Peter Pitsch: So in the first 200 megahertz, basically the earth station folks just have to show up, right? They’re going to get a filter installed, at our expense, and they will be kept whole. Your question though is a good one because for spectrum beyond the initial 200 and particularly if you were to use compression technology for example to solve the problem then, the earth station folks, the content folks, would be much more intrusive. Then there would be a bunch of stronger reason for an incentive situation to be developed there. But the point we’re making now is, we’re keeping those existing customers, including earth station folks completely whole.
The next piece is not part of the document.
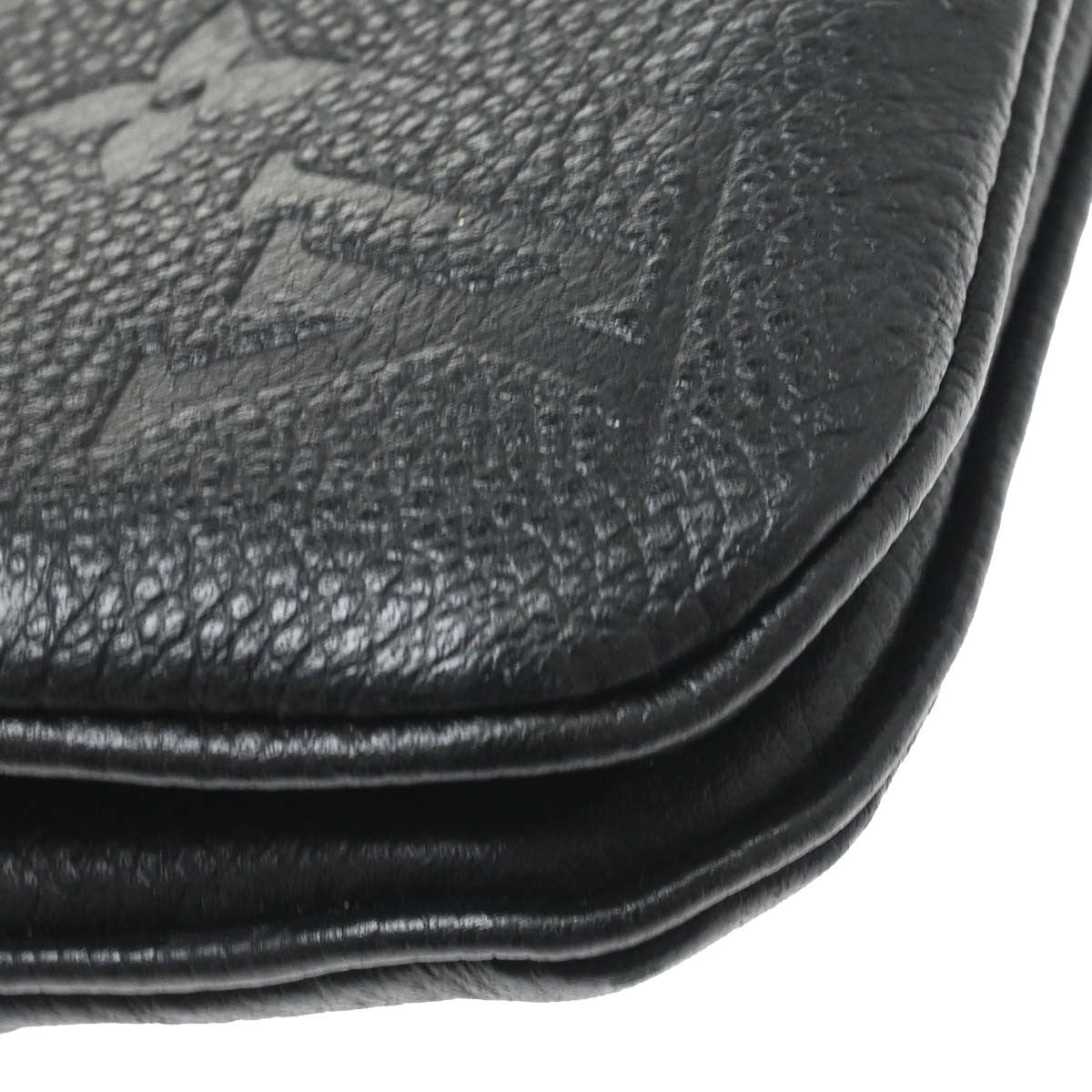 Louis Vuitton Double Zip Pochette Monogram Empreinte Leather, Black, Leather, Clutch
I’m not going to put words in Patrick’s mouth, but certainly in dealing with the content companies and they’re on record, they’ve made very detailed requests and others have. We basically have said yes to all of them.

Question: Steve, why do you think that the FCC incentive auction would yield more than 180 or 200 megahertz? Lots of the FCC auctions yielded less than originally anticipated?

Steve Sharkey: Because when you look at how relatively expensive it is to move these systems to something like fiber versus the value of that spectrum, and those earth stations recouping their money, then we think we’ll create a lot more than 180 and potentially up to the full 500.

When you look at the value and certainly you would want to put the value on what we would say the spectrum is worth, but there are a range of estimates for $40 billion and up for this spectrum. It’s a lot of money. When you look at the costs of $1 billion to run fiber to all these earth stations, that goes a long the way.